The European Union election observation mission (EU EOM) says conduct of the elections by the Independent National Electoral Commission (INEC) fell short of expectations by Nigerians.
In a statement in Abuja on Monday, Barry Andrews, chief observer of the mission, said Nigerians had a great appetite for democracy but were disappointed by INEC and the political elites.
Andrews said the development led to voter apathy, noting that election day was also disrupted by multiple incidents of thuggery and intimidation of voters.
“Throughout the mission, we saw that Nigerians have a great appetite for democracy and are keen to engage in various civic activities,” Andrews said.

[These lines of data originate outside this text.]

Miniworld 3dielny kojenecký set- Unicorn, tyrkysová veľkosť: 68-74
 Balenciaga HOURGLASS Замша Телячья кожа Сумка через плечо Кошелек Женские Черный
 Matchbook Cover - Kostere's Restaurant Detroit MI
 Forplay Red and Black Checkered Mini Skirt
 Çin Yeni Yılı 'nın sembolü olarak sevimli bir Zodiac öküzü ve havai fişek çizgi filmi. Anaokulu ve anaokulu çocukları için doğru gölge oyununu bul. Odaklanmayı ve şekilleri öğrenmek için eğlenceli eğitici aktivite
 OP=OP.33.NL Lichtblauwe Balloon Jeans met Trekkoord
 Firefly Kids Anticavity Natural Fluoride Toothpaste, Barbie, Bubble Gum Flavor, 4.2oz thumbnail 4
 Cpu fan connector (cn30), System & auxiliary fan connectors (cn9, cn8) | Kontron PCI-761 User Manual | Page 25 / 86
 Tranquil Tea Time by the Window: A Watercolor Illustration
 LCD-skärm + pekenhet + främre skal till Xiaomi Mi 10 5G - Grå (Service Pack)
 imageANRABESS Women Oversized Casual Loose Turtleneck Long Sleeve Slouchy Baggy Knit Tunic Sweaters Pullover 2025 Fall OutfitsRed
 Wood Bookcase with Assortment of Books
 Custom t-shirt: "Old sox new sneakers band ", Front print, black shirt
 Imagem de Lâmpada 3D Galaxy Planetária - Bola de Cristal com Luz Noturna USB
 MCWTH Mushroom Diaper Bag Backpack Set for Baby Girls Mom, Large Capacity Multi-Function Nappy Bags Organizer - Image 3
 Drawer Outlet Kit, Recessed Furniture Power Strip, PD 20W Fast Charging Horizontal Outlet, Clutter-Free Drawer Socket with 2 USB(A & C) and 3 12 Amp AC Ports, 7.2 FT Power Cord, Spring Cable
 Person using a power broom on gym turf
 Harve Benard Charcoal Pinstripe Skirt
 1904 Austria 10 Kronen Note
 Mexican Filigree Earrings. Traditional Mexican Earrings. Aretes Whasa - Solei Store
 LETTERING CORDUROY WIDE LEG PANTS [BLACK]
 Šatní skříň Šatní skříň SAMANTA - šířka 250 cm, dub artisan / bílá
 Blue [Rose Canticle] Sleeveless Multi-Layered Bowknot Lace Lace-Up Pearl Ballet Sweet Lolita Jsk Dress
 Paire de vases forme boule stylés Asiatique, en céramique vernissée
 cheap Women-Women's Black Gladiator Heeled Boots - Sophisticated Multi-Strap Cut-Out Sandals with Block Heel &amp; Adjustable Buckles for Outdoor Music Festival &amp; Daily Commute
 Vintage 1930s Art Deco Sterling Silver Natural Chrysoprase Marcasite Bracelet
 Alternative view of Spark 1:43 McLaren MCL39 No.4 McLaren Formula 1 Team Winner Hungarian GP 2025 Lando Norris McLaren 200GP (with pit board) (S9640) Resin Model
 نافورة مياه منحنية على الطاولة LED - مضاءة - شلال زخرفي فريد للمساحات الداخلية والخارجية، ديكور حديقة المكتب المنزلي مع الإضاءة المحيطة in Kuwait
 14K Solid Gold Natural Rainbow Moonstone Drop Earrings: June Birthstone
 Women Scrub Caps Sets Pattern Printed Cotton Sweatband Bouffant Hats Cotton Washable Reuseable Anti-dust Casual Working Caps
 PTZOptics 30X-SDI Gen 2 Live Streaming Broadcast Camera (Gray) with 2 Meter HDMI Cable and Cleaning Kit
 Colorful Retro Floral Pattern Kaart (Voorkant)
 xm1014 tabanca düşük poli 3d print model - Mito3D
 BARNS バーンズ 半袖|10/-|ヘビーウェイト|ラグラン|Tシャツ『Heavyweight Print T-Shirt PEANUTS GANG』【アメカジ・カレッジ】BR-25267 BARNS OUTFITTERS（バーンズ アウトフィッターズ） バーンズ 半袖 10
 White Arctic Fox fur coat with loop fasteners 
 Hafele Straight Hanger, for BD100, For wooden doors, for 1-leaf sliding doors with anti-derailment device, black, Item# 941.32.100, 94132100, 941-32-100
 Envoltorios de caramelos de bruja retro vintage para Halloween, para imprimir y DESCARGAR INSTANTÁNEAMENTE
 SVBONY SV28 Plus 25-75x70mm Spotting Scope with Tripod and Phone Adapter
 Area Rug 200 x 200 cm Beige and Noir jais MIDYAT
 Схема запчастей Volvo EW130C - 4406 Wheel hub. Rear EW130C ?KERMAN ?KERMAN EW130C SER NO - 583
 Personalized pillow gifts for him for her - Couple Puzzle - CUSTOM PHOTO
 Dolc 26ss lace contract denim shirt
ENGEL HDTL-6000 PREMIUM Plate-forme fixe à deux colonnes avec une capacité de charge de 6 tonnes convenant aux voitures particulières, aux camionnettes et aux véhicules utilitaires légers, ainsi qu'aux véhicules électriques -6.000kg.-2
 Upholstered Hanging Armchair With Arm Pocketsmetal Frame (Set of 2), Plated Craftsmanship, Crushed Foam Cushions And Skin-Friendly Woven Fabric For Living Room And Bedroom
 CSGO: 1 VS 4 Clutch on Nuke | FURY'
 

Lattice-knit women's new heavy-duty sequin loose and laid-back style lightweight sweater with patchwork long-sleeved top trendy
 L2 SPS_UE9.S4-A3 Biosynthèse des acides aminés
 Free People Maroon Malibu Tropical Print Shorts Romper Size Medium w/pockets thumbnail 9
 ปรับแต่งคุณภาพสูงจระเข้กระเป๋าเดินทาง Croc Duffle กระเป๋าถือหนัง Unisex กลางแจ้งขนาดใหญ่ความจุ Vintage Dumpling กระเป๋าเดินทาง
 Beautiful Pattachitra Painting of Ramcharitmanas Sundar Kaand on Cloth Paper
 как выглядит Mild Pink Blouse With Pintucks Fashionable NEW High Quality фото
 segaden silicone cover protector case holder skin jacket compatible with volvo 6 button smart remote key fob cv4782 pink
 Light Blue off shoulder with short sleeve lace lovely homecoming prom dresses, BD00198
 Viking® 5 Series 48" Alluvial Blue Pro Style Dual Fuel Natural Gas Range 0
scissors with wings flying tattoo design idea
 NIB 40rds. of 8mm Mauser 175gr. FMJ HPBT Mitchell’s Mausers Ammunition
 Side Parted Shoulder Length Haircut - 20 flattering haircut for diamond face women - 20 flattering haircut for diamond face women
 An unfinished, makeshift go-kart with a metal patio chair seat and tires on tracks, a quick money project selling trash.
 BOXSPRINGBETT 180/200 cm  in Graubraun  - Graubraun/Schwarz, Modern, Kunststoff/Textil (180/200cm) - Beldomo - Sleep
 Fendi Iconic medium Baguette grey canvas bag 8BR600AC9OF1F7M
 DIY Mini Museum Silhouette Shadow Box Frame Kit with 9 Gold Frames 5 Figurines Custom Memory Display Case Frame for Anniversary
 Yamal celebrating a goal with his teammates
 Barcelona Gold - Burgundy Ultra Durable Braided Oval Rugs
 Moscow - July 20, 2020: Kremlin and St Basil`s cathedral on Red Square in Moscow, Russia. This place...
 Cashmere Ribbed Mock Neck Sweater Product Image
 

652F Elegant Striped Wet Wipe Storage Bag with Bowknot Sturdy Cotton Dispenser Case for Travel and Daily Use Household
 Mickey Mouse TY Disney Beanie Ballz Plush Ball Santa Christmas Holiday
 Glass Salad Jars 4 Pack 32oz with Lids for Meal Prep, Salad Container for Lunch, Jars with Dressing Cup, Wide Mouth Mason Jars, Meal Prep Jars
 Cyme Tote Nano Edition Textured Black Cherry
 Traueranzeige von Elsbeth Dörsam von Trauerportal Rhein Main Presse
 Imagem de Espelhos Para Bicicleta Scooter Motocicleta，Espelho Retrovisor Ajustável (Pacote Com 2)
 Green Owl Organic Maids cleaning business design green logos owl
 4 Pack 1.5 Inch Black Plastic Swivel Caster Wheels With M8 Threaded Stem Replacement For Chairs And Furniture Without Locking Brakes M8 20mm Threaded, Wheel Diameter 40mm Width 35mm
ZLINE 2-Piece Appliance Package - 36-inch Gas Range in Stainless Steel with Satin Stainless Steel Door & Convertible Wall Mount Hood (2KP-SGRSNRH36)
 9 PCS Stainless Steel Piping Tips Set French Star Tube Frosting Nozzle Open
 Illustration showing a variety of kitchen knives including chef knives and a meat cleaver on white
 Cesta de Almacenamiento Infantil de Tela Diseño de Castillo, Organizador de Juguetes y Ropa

“However, in many parts of the country, their expectations were not met. Many were disappointed and we witnessed voter apathy that is in part a clear consequence of failures by political elites and, unfortunately, also by INEC.”
He said that “positively, INEC introduced some corrective measures ahead of Saturday’s polls, allowing a timely delivery of sensitive materials and improved use of election technologies, yet the institution continued to lack transparency.
“EU EOM observers noted that voting on 18 March mostly started on time, with INEC ad-hoc officials present and ready to serve the voter. However, polling on election day was disrupted by multiple incidents of thuggery and intimidation of voters, polling officials, observers, and journalists.
“Lagos, Kano, and other states in the southern and central part were most affected. Unfortunately, there were many casualties and fatalities. Vote-buying, also directly observed by EU EOM observers, further detracted from appropriate conduct of the elections.”
Andrews said the mission observed that organised violence in parts of the country led to a fearful environment while noting that the underrepresentation of women in the process demonstrated Nigeria’s contrary practice to its constitutional provision and international commitment to inclusion.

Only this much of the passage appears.